How long should I wait to do a heavy dethatch? I'll be dethatching with a front mounted rotary broom.


----------



## Tsmith (Aug 11, 2017)

Why are you dethatching?


----------



## Deere Jr (Dec 7, 2017)

Oops. I should have said that.

The dethatching is part of a smoothing project. I'll be spreading 28 yards of sand in about an acre of lawn to help reduce the bumps. I want to dethatch first.


----------



## Tsmith (Aug 11, 2017)

Dethatching disturbs the soil so I think you would be better off doing it in the fall instead of spring if you even have to do it at all as I wouldn't recommend doing it just to do it.


----------



## Ridgerunner (May 16, 2017)

> spreading 28 yards of sand


 By hand!?
You should wait until the turf has fully awoken and is actively growing. A third of a pound of N/M before de-thatching will help recovery.


----------



## Pete1313 (May 3, 2017)

Ridgerunner said:


> > spreading 28 yards of sand
> 
> 
> By hand!?
> You should wait until the turf has fully awoken and is actively growing. A third of a pound of N/M before de-thatching will help recovery.

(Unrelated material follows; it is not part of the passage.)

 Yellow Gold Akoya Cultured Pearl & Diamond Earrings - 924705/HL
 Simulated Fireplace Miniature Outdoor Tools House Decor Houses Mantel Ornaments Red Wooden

Agreed. Wait for the turf to get going. That will be a few weeks yet for your area. Dethatch, clean everything up, mow as short as possible, add some N, sand, and then time your pre-m for just after.


----------



## thinair (Oct 12, 2017)

Had same question. Just bought the greenworks electric dethatcher. Itching to try it out.

I aerated and lightly over seeded in fall.

Want to dethatcher in spring and add more seed.


----------



## Deere Jr (Dec 7, 2017)

Pete1313 said:


> Ridgerunner said:
> 
> 
> > > spreading 28 yards of sand
> ...


Ridgerunner - LOL, no not by hand. That would suck. I'll be using a Turfo f12d for the spreading of sand.

Pete - Thanks for the tips. I wondered about the pre-m. I usually use a fertilizer + crabgrass control granular.


----------